Afin de remédier à ces démonstrations qui ne « valent pas grand chose » (Nietzsche), l’auteur traditionaliste fait l’éloge de la figure du poète et de l’imagination. Si les philosophes occidentaux restreignent trop souvent leur horizon à la métaphysique de la subjectivité dénoncée par Heidegger, le poète, lui, est un être igné, possédé par la « connaissance extatique » décrite par Kathleen Raine. Dans cette perspective, il s’agit par le texte de tisser (texere) la trame du monde qui entrelace le ciel et la terre en une tapisserie unique et merveilleuse où « les sons, les parfums et les couleurs se répondent » (Baudelaire). Quant à l’imagination, elle est le lieu des images qui, loin de se confondre avec des chimères, sont plutôt des archétypes du monde imaginal théorisé par Henry Corbin. Dans cette matrice d’Idées, l’Âme du Monde virgilienne vibre et résonne. En somme, il s’agit de s’émerveiller dans le but de comprendre.
En outre, ce refus d’ériger une frontière infranchissable entre le sensible et l’intelligible aboutit à une réflexion politique qui se place dans le sillage des antimodernes : dans le chapitre nommé « Désenchantement », l’auteur nous fait part de son dégoût pour le triptyque contemporain du citoyen, à savoir producteur-consommateur-électeur. Dans cette optique, le Bien commun se réduit à une gestion du parc humain à court terme où la personne chute dans l’exiguïté de l’individu. Ère des ressources humaines, où l’homme est considéré comme « le capital le plus précieux » (Staline), la période du Progrès accule les peuples au bourgeoisisme, issu du subjectivisme étroit de la révolution cartésienne. Loin de la tripartition dumézilienne qui place la spiritualité et l’héroïsme au sommet de la société, la modernité fait le pari d’un accroissement quantitatif perpétuel dont le but final est sans cesse ajourné.

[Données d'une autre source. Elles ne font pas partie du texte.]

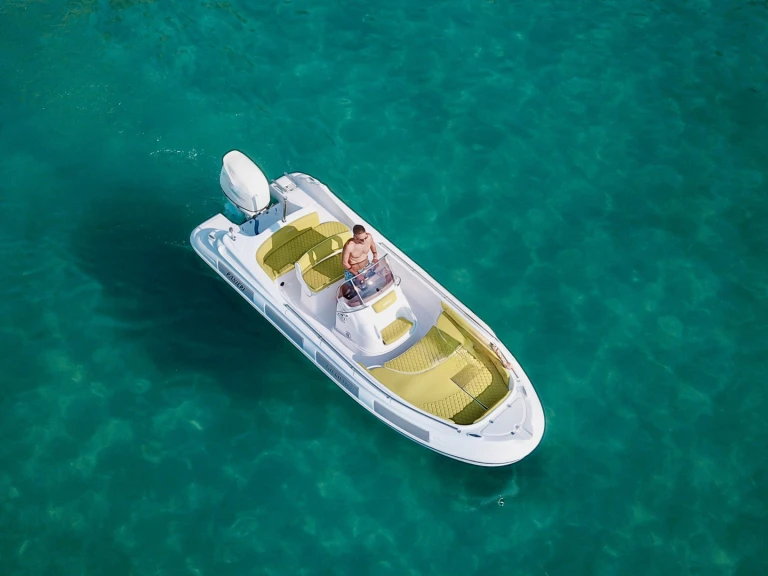 Boat rental Ranieri Giubileo in Talamone on Samboat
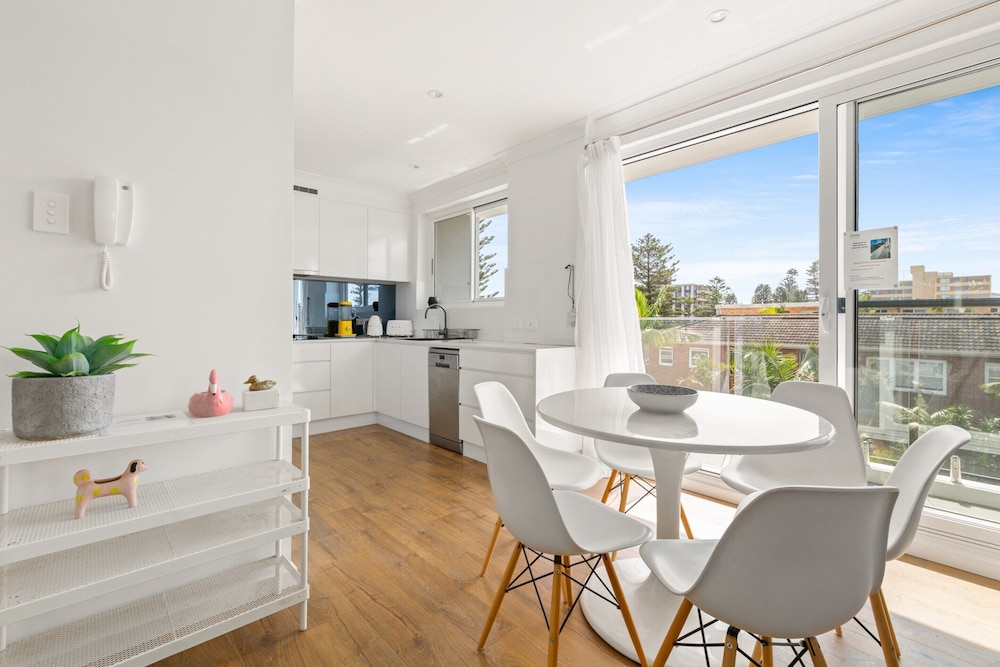 Coastal 2-bed Apartment Steps From Manly Beach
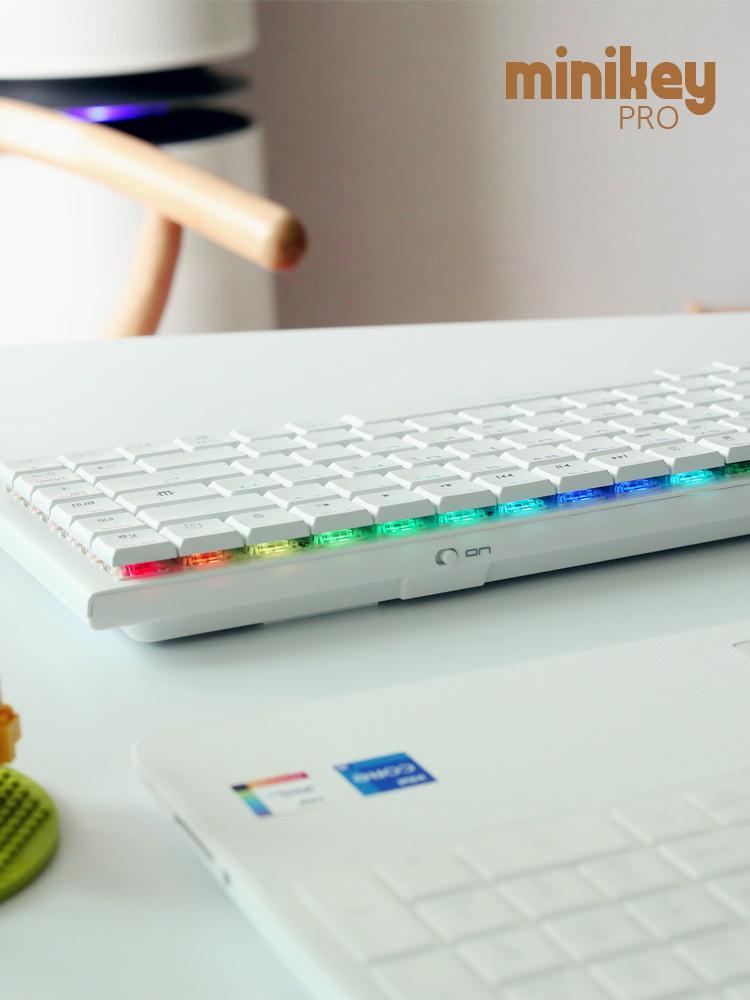 몬스타기어 미니키프로 RGB 무선 2.4G 블루투스 기계식 키보드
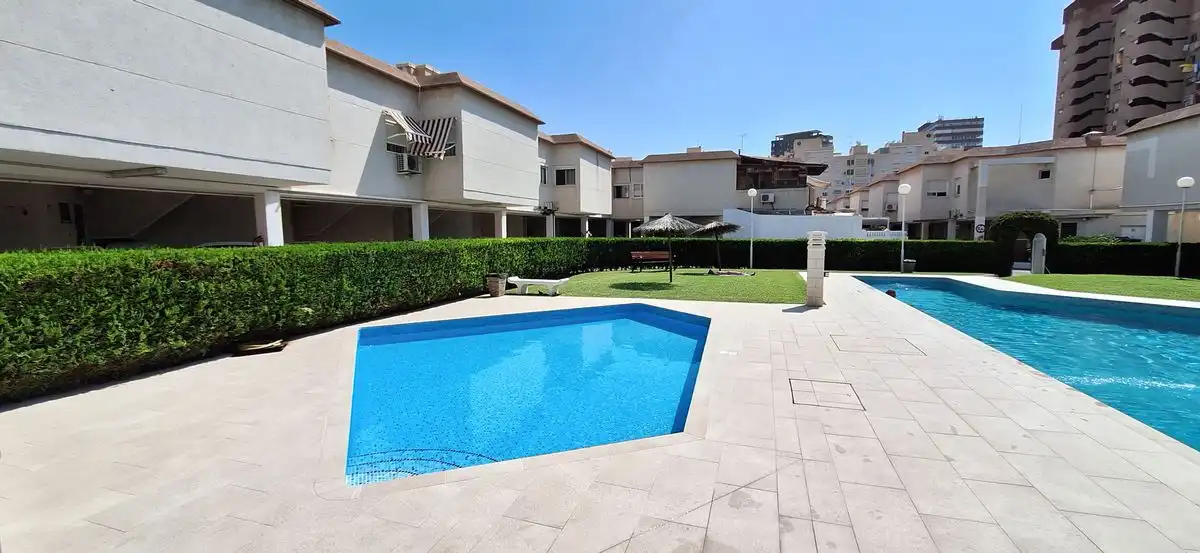 Adosado con terraza en venta en Avenida Países Escandinavos, imagen 25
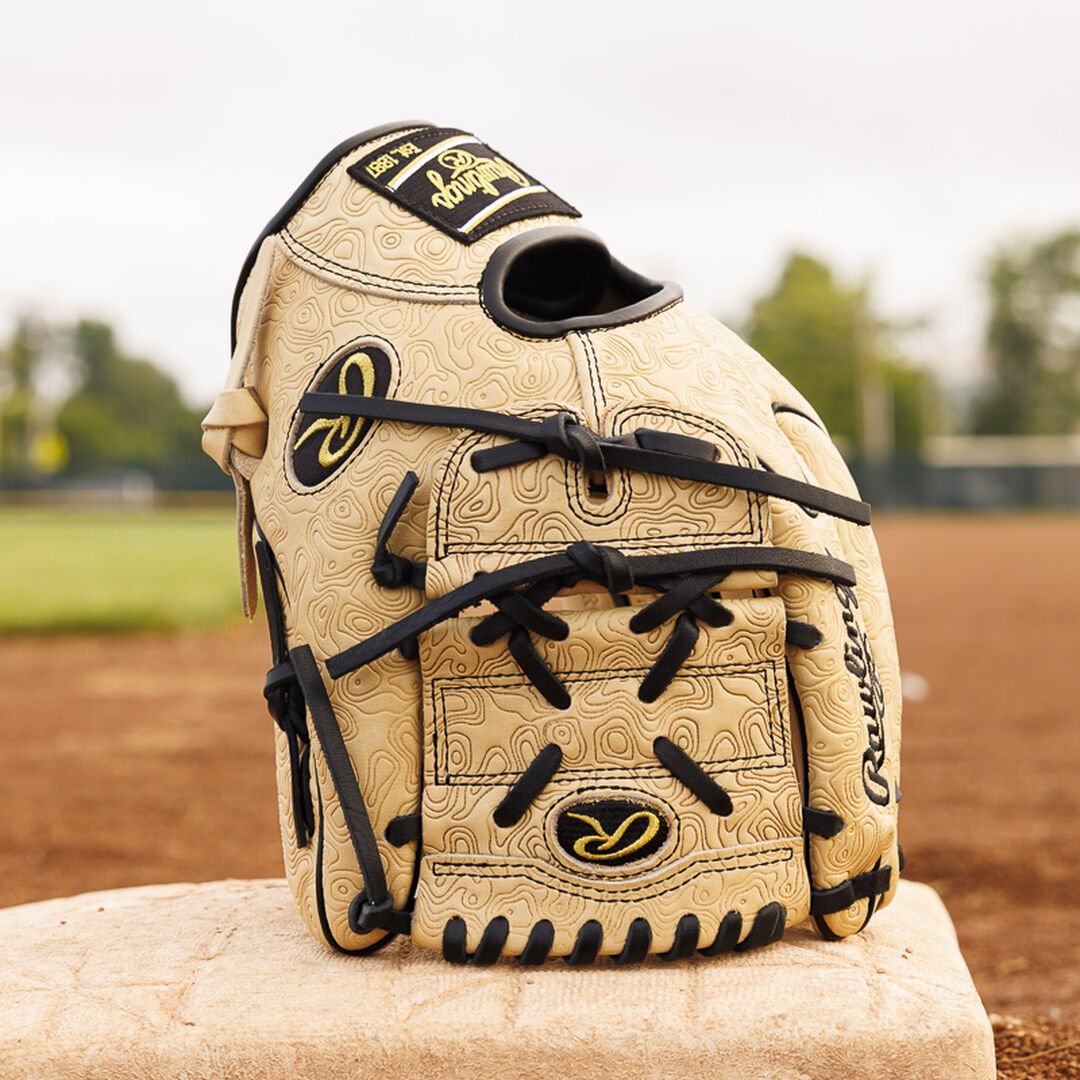 Heart of the Hide 11.75-inch Topo Print Wing Tip Glove - Image 9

Pour un paganisme panenthéiste
Rémi Soulié se veut aussi l’héritier du pagus polythéiste, attaché à sa petite patrie emplie de divinités et de créatures extraordinaires. Décrivant le Sidh de la mythologie celtique, il croit à l’interdépendance des mondes élémentaire, intermédiaire et supérieur, peuplés de dieux assimilés à des « grands poètes qui vivent eux-mêmes leurs rêves de beauté ».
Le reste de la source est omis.